Les textes exemplifiant cette contrainte sont nombreux. En voici quelques-uns. Georges Pérec, dans L’Augmentation, présente un employé essayant d’obtenir une augmentation de salaire de la part de son chef de service. Cette donnée initiale donne lieu à plusieurs suites possibles, qui sont toutes présentées au lecteur. In fine, l’employé a gain de cause mais dilapide rapidement le fruit de son nouveau revenu. Tout est donc à recommencer. Dès années plus tard, Paul Fournel reprend la même construction pour son roman Chamboula, mais en complexifiant considérablement l’arbre narratif. Dans Un conte à votre façon, Raymond Queneau intègre le lecteur au dispositif puisqu’à chaque étape du récit, plusieurs suites sont proposées, et nous devons faire un choix. Cette proposition rejoint la tradition américaine du « livre dont vous êtes le héros » à l’intérieur duquel le lecteur dispose, en fin de chapitre, d’une ou plusieurs façons de poursuivre l’histoire.

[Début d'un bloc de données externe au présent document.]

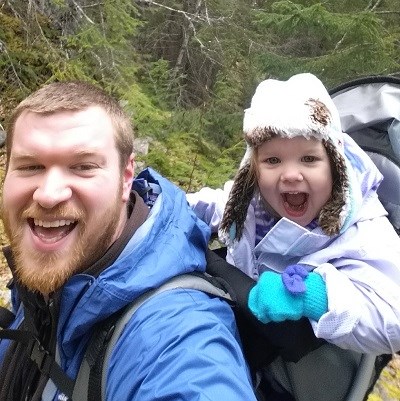 Man on trail with child in in back pack carrier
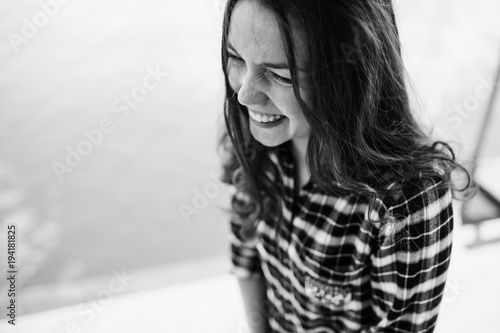 Lovely woman with shiny eyes sits on the porch and smiles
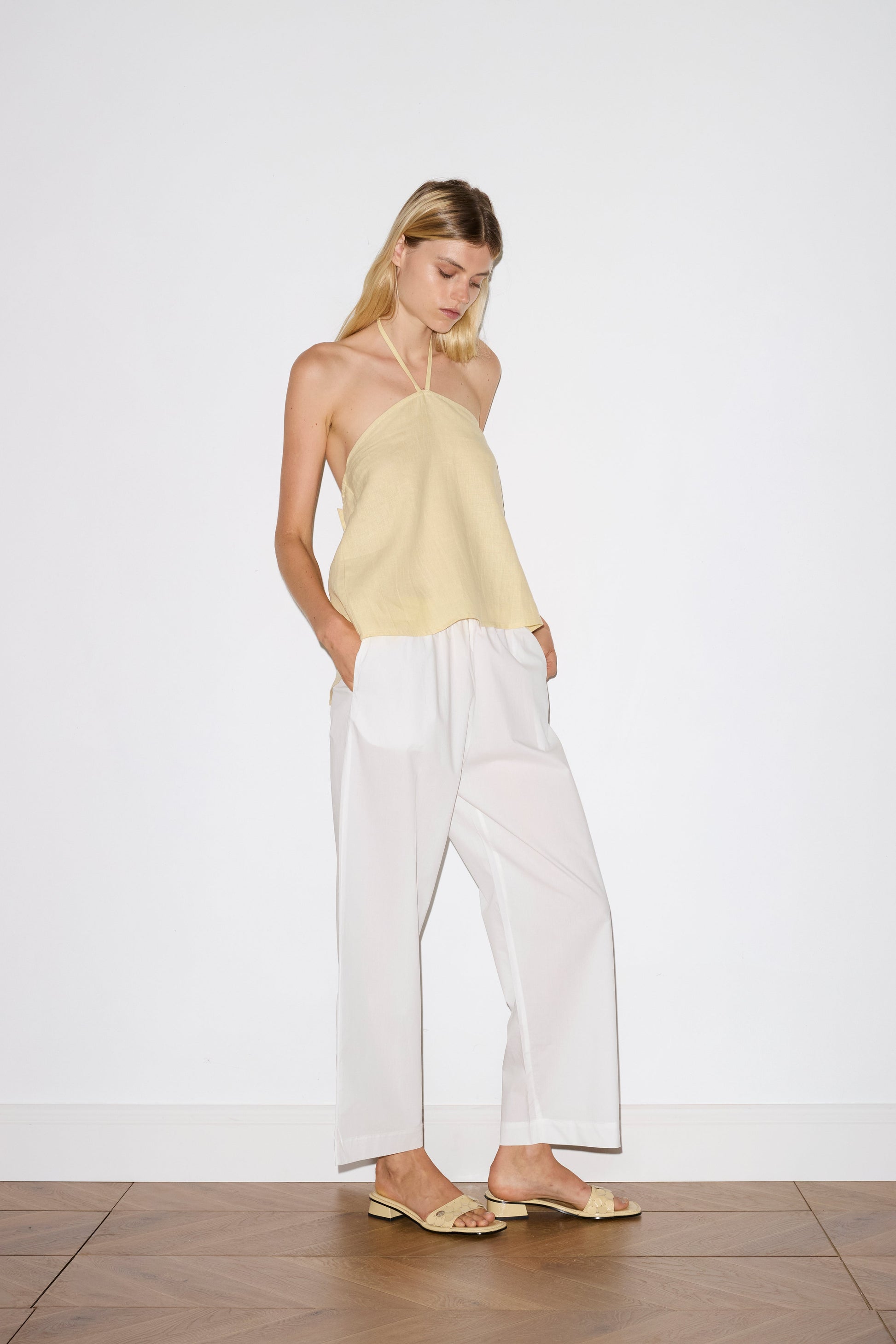 blonde haired female model wears a yellow relaxed halter top features flattering straight neckline, fine tie halter straps and snap closure at back with button detail, worn with a white  ankle length pant features a soft minimal elastic waist with side seam pockets in a straight leg.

Sur un plan spécifiquement théâtral deux oulipiens ont écrit L’arbre à théâtre. Comédie combinatoire, par François Le Lionnais, avec la collaboration de J.-P. Enard. L’intention initiale des auteurs était d’écrire une pièce de théâtre adossée à une structure « en arbre ». Cependant, ils se heurtent à une difficulté : « Les problèmes soulevés par une telle réalisation sont particulièrement nombreux et certains nous ont paru pratiquement insolubles. Une pièce en ‘arbre’ demanderait notamment un effort de mémoire presque surhumain aux comédiens ». Plusieurs années après la publication de ce texte, le dramaturge anglais non oulipien Alan Ayckbourn faisait mentir les auteurs. Il faisait représenter sa pièce Intimate exchanges, basée sur une structure en arbre complexe, avec seulement deux comédiens pour tous les rôles. La pièce fut créée à travers le monde et adaptée au cinéma par Alain Resnais sous les titres de Smoking et No Smoking. Bien qu’elle présente effectivement des difficultés, les erreurs relevées ont été peu nombreuses. Depuis, l’interactivité au théâtre a été beaucoup utilisée, sans toutefois aboutir à des textes vivant leur vie de textes de théâtre.

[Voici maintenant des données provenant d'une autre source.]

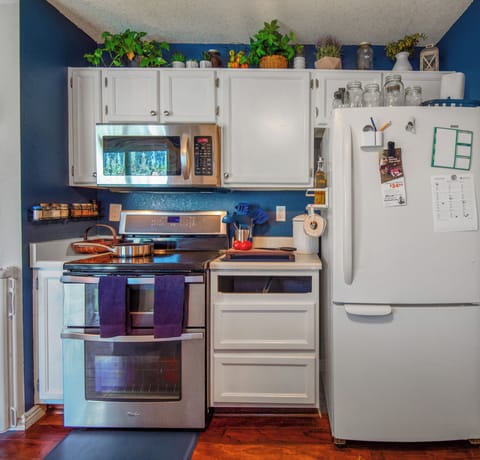 Fridge, oven, stovetop, dining tables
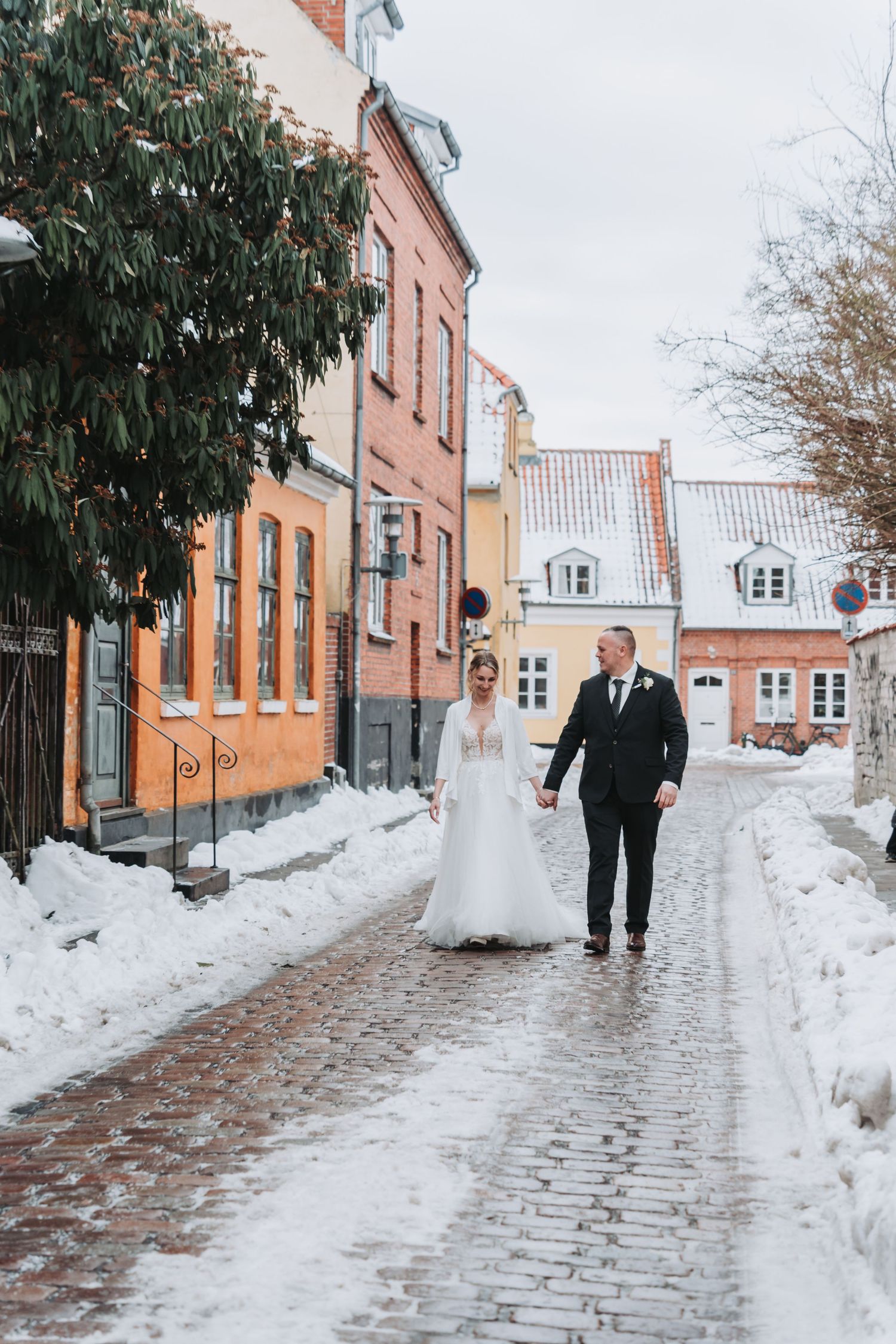 Snow-covered cobblestone street with historic orange buildings and winter wedding scene.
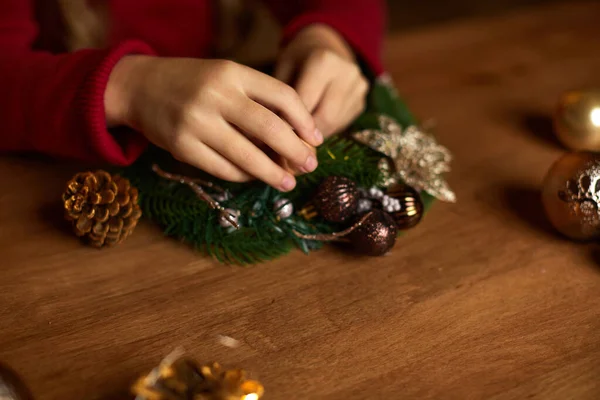 Küçük kız el yapımı Noel çelengi yapıyor. — Stok fotoğraf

À partir de cette tradition littéraire, seulement esquissée, puisque l’objet de cette brève notice n’est pas d’en dresser un tableau exhaustif, nous nous sommes positionnés non en tant qu’auteurs, ce que nous ne sommes pas, mais en tant que fabricants de textes de théâtre, ce que nous sommes. Par conséquent, nous nous sommes bornés à sélectionner une large gamme de procédés éprouvés chez les auteurs que nous venons de mentionner, afin de réaliser des assemblages d'origines et de variétés pour vous offrir un produit de haute qualité, à consommer sur place où à emporter. 

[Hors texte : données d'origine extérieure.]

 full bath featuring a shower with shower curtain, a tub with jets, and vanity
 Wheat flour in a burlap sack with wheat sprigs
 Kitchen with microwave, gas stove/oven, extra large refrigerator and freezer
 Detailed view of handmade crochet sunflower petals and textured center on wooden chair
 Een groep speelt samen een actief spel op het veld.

Parmi les références que nous avons mentionnées, Ayckbourn est la plus importante. Le lecteur attentif saura de lui-même repérer les nombreux points communs entre La Part du hasard et Intimate exchanges. Pourtant, notre texte se distingue aussi de son illustre devancier. Tout d’abord, La Part du hasard se déploie sur une échelle beaucoup plus réduite. Alors que cinq ou six heures sont nécessaires pour représenter l’intégralité des scènes d’Ayckbourn, deux heures et demie suffisent pour notre pièce. Malgré tout, l’arbre de la pièce permet de produire 48 pièces différentes, ce qui offre un large éventail de possibles. Ensuite, nous avons employé le hasard non seulement en tant qu’élément structurel mais aussi en tant qu’élément thématique. La part du hasard dans le parcours des personnages devient l’un des sujets abordés par les personnages eux-mêmes.

Devant ce projet fou, le thabou nous fit confiance pour la deuxième fois. Le montage de la pièce fut délicat, car lorsque le spectacle commence, les acteurs ne savent pas exactement la pièce qu’ils vont jouer devant le public. Pourtant, les choses se mirent en place progressivement et les spectateurs entrèrent dans le jeu au-delà de nos espérances.